Information supplied

* * * *

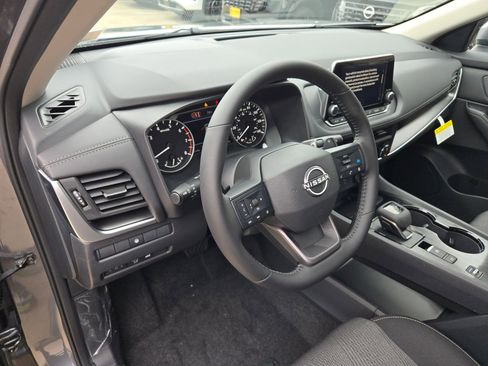 New 2026 Nissan Rogue SV FWD image 10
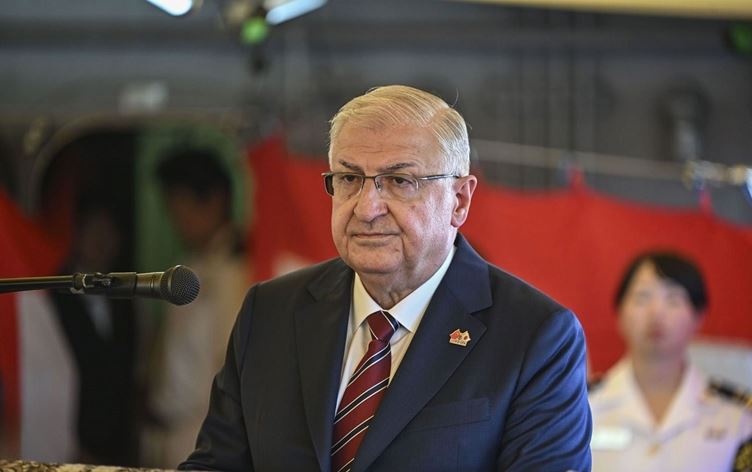 وزير الدفاع التركي: على PKK وقسد تسليم أسلحتهم 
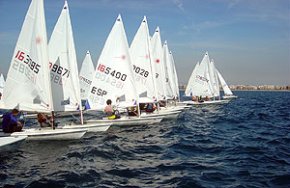 Pol Vila del Club Nàutic Cambrils encapçala la classificació del campionat de Catalunya de vela de la classe Laser Radial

* * * *

Exercise instructions
Take every line of the material and copy it exactly, leaving out the pictures.

Answer to this exercise
 New 2026 Nissan Rogue SV FWD image 10
 وزير الدفاع التركي: على PKK وقسد تسليم أسلحتهم 
 Pol Vila del Club Nàutic Cambrils encapçala la classificació del campionat de Catalunya de vela de la classe Laser Radial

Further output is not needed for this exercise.